───── Supplied material

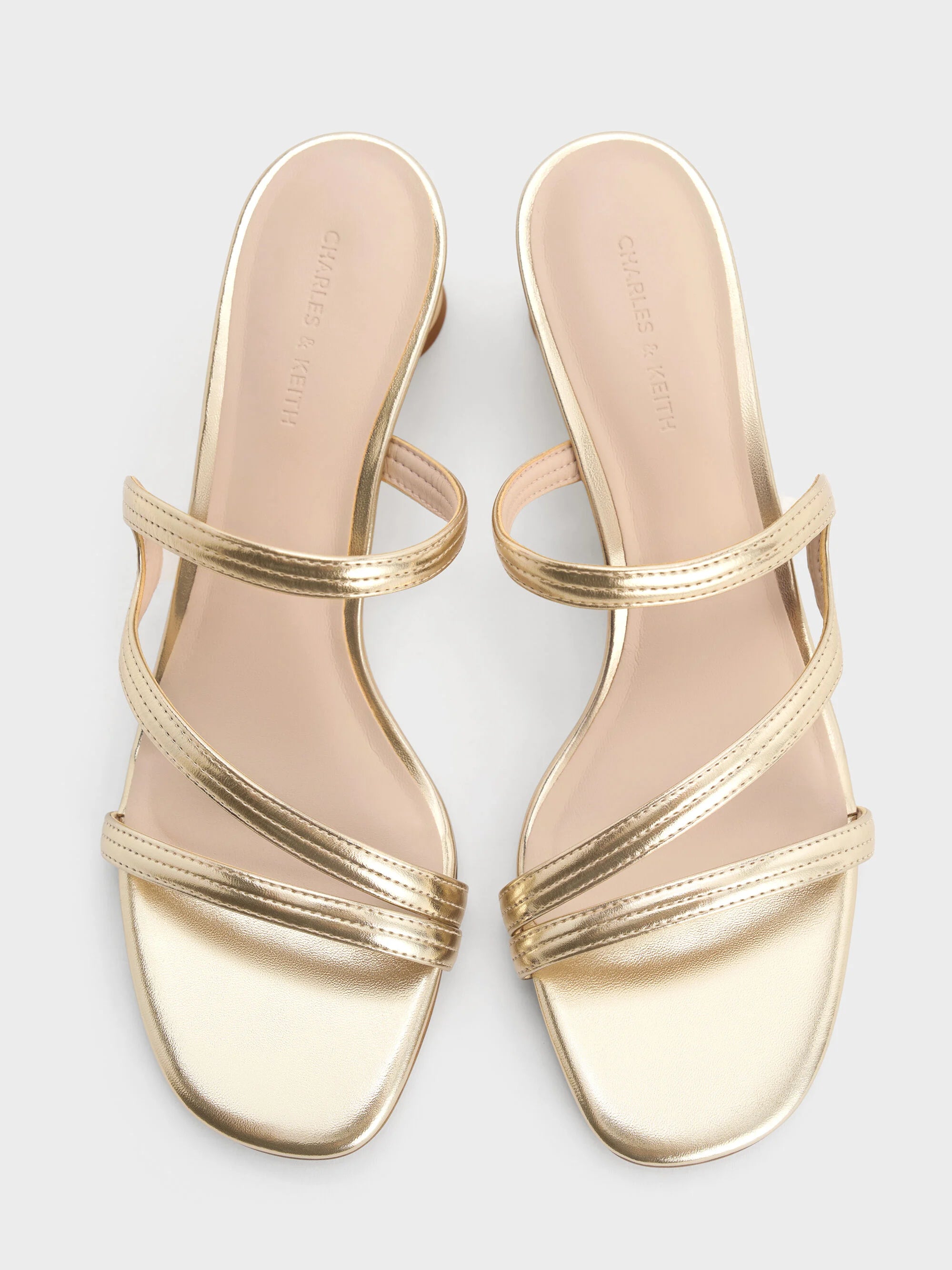 Light Gold
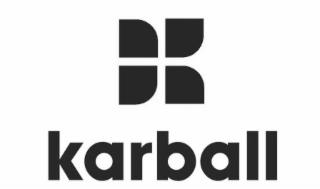 KARBALL logo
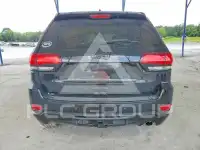 2017 Jeep Grand Cherokee фото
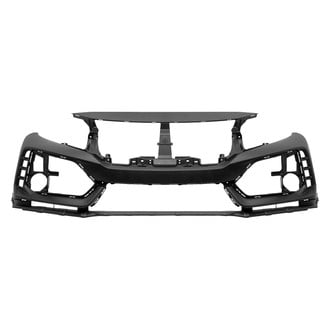 Alzare® - Front Bumper Cover (Standard Line)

──────────

#### [Task details]
The full data, repeated exactly and stripped of its pictures, is the expected answer.

#### [Response area]
 Light Gold
 KARBALL logo
 2017 Jeep Grand Cherokee фото
 Alzare® - Front Bumper Cover (Standard Line)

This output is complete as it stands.